Nowadays, the automatic transportation detecting system (ATDS) that provides the data of vehicle 
registration numbers has been developed rapidly. Each car has an identified number to register to law 
enforcement office before using. Therefore, license plate recognition (LPR) plays an important role in vehicle 
management system. Deep learning has contributed to enhance the result of computer vision tasks such as 
object recognition and optical character recognition (OCR). The systems have several applications of traffic 
and security such as toll fee collection, detecting stolen vehicles, smart house, and parking management. LPR 
involves capturing the images from a digital camera, pre-processing, and adjusting them for predicting 
model. Output result is the car plate that appears in the original image. Besides, the system is capable of 
accommodating to user’s requests, for instance manage “smart” parking. 

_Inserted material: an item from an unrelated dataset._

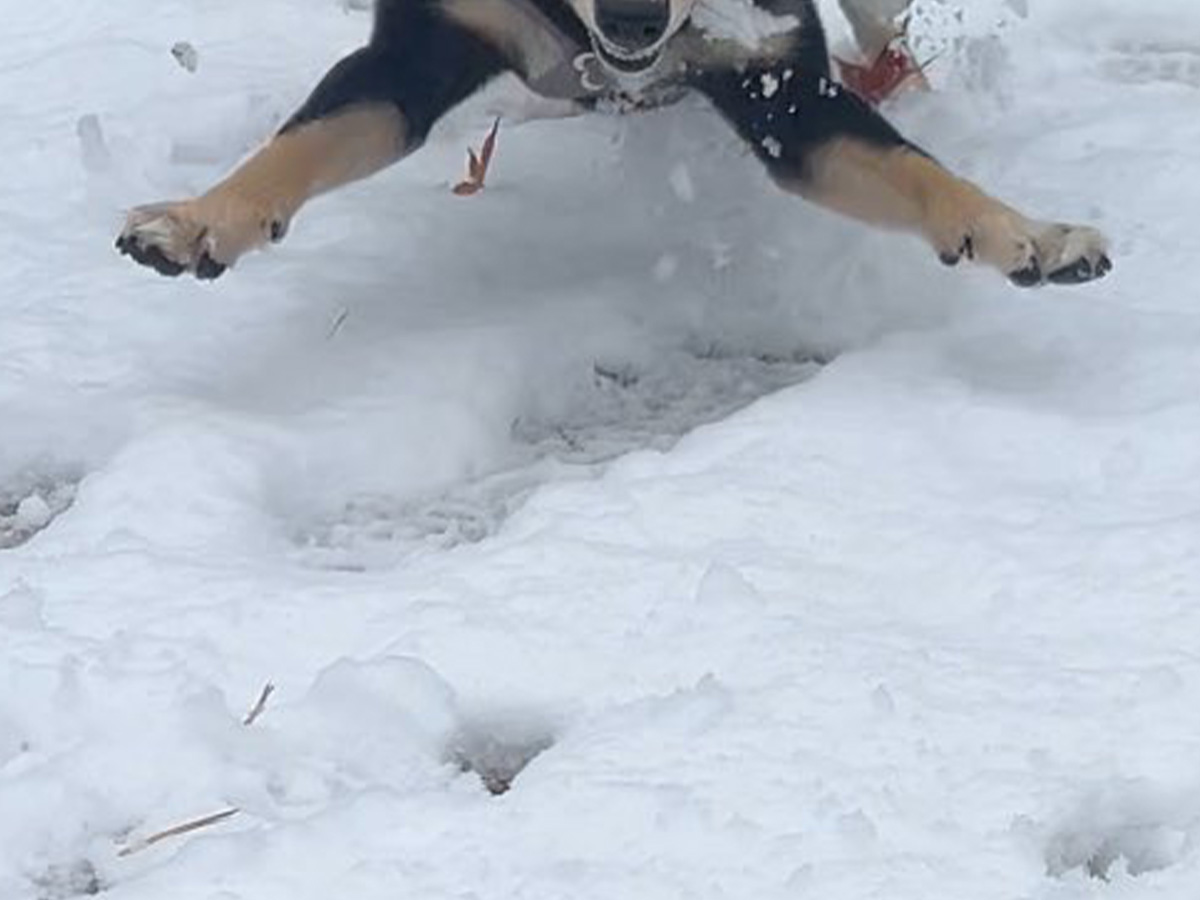 柴犬の写真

However, most of LPR systems that are set up in Vietnam are designed for recognizing from a fixed 
view-mostly frontal vehicle in proper environment like indoor scenario or finite externality effects. 
Therefore, we need to develop the system to solve the problems especially in megacity like Hanoi or Ho Chi 
Minh where government will apply computer science in managing transportation infrastructure. In the paper, 
the proposed system using warped planar object detection (WPOD-NET) and a modified support vector 
machine (SVM) system is performed over various scenarios. As a result, the system is able to be detected 
Vietnam car plate number in different angles. 

The rest of the paper includes five parts and is organized is being as: Section 2 presents several 
related works. Section 3 presents the proposed model. Section 4 will evaluate the proposal model and analyze 
the results. In the final section, we give conclusions and future research directions.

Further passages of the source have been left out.